Hey @juditnovak! Thanks for the comment. I agree, these are not just "minor tweaks" or code adjustments. Sometimes this can get lost when being deeply invested into a topic.

Could we provide at least a base description of the logic? I.e. documentation within the code as done before (CA rotation).

[...]

If at least we could hold on to the earlier objective, that each PR would add 2 unittest to the testsuite... (I volunteer to add them if no other way.)

I've added a comment explaining the workflow at where it starts, and also added a few unit tests to document the changed behaviour. Hope this is fine for you.

[skourta]

Nice work @reneradoi . I tested the workflow and it follows exactly what @Mehdi-Bendriss described. I have a couple of notes:

1. Once the main cluster manager node is up and running we add a failover node. The failover node status is set to "waiting" with the requesting lock message. This is misleading as it is actually blocked waiting for data nodes to join and the main cluster manager to be initialized.
2. When you deploy the data nodes they go in an active state/idle state with no message. This is also misleading as they are waiting to be integrated with the cluster manager. I think we should change the state and add a message clarifying what is happening.

[reneradoi]

Nice work @reneradoi . I tested the workflow and it follows exactly what @Mehdi-Bendriss described. I have a couple of notes:

1. Once the main cluster manager node is up and running we add a failover node. The failover node status is set to "waiting" with the requesting lock message. This is misleading as it is actually blocked waiting for data nodes to join and the main cluster manager to be initialized.
2. When you deploy the data nodes they go in an active state/idle state with no message. This is also misleading as they are waiting to be integrated with the cluster manager. I think we should change the state and add a message clarifying what is happening.

Hey @skourta thank you for your review! It's good that you deployed it and especially watched the status and messages!
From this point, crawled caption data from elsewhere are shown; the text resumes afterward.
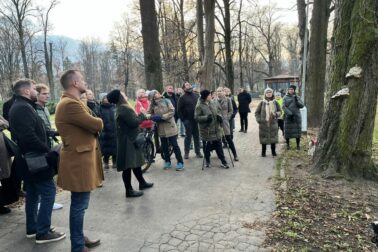 mestsky park stromy
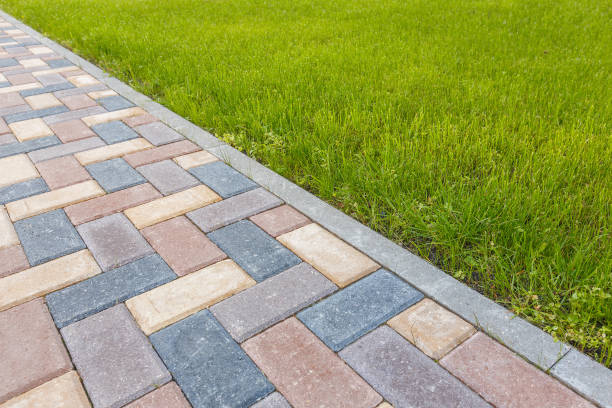 Best Custom Driveway Pavers  in Millsboro, DE
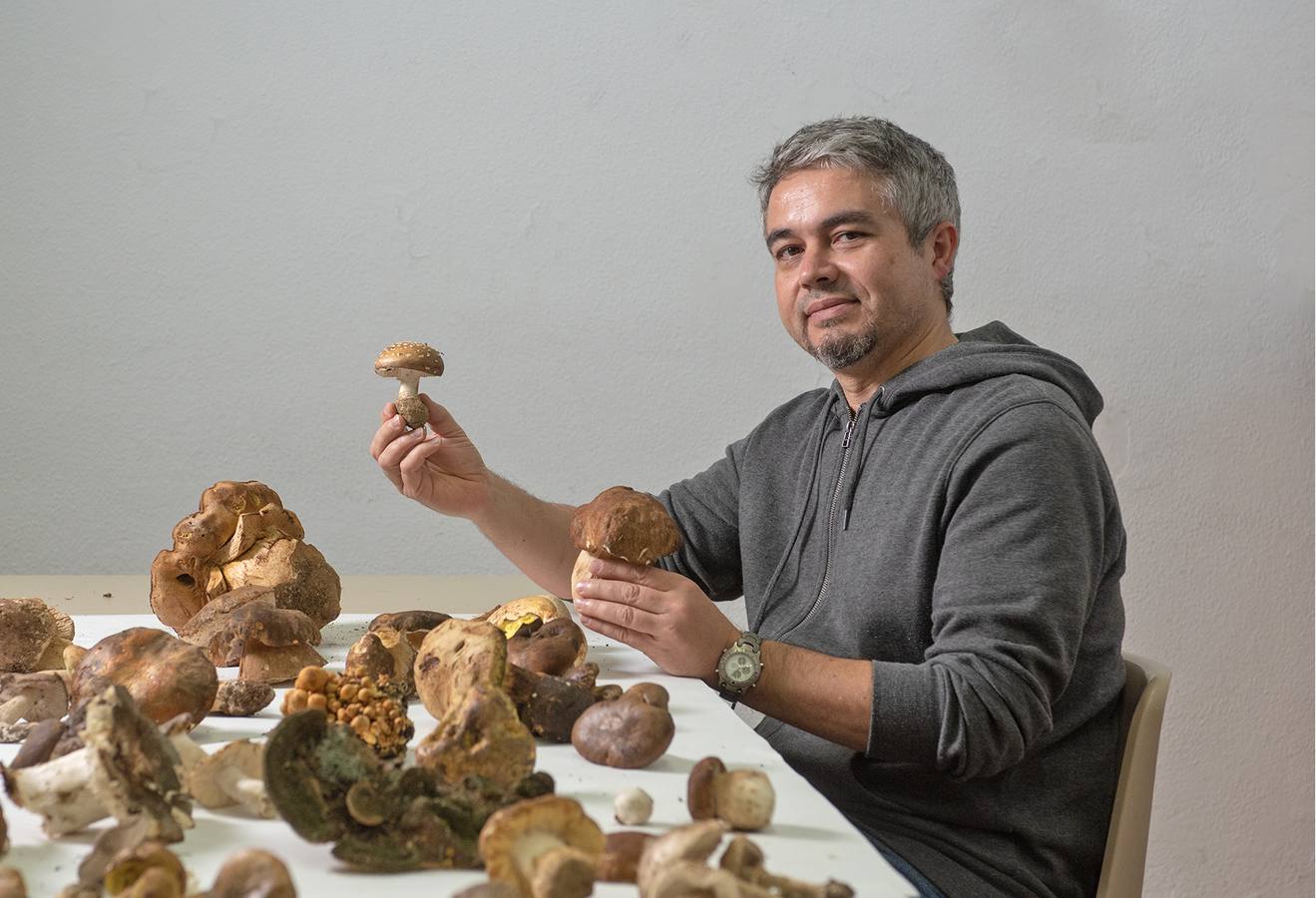 «En la comarca de Coria tenemos setas deliciosas y también mortales»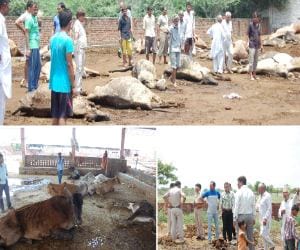In case of death of the cow corporation commissioner questioned
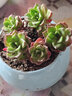 迎虞花苑新手帶盆多肉植物盆栽套餐綠植盆景組合活動(dòng)批發(fā) 4個(gè)圓球花盆+土（不含植物 曬單實(shí)拍圖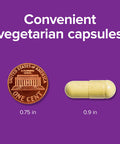 Webber Naturals Quercetin Supplement 500 mg Per Pill 140 Vegetarian Capsules PlantBased Immune Support Antioxidant Supplement Gluten and Dairy NonGMO Suitable for Vegans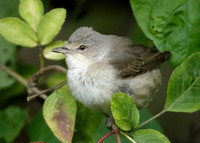 Barred Warbler Sylvia nisoria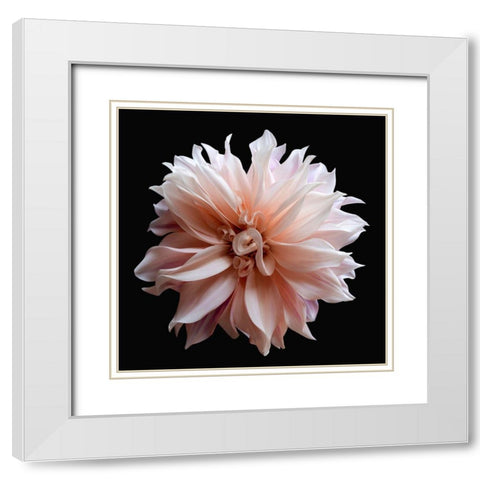 Dahlia 5 White Modern Wood Framed Art Print with Double Matting by Reynolds, Richard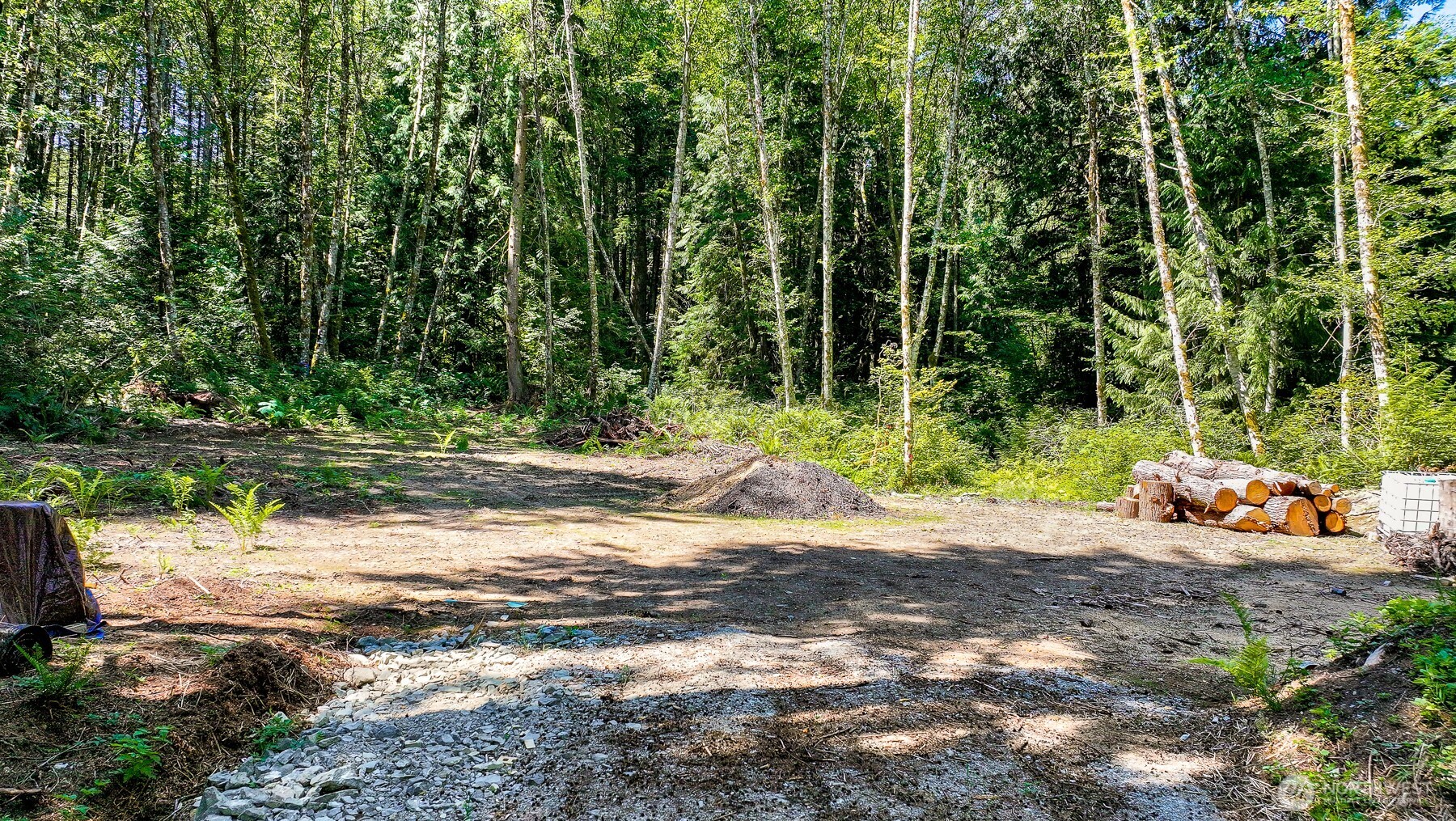 471 Summerland Road Bellingham, WA 98229 - Photo 9 of 18 a backyard of a house with lots of green space and trees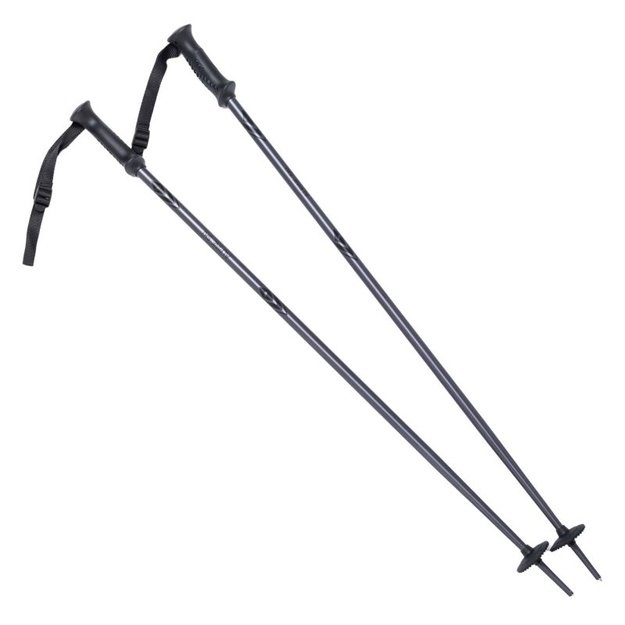 ALPINE SKI II lazdos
The currently expected status and messages are documented in the integration test here:

        apps_full_statuses={
            MAIN_APP: {"blocked": [PClusterNoDataNode]},
            FAILOVER_APP: {"blocked": [PClusterNoRelation]},
            DATA_APP: {"blocked": [PClusterNoRelation]},
        },
        units_full_statuses={
            MAIN_APP: {"units": {"blocked": [PClusterNoDataNode]}},
            FAILOVER_APP: {"units": {"active": []}},
            DATA_APP: {"units": {"active": []}},
        }

The blocking of data and failover applications are shown on the app status (this was discussed with @Mehdi-Bendriss earlier). This status persists until the applications are related to another with the peer-cluster-relation. Having the same message on unit status would be redundant, from my point of view.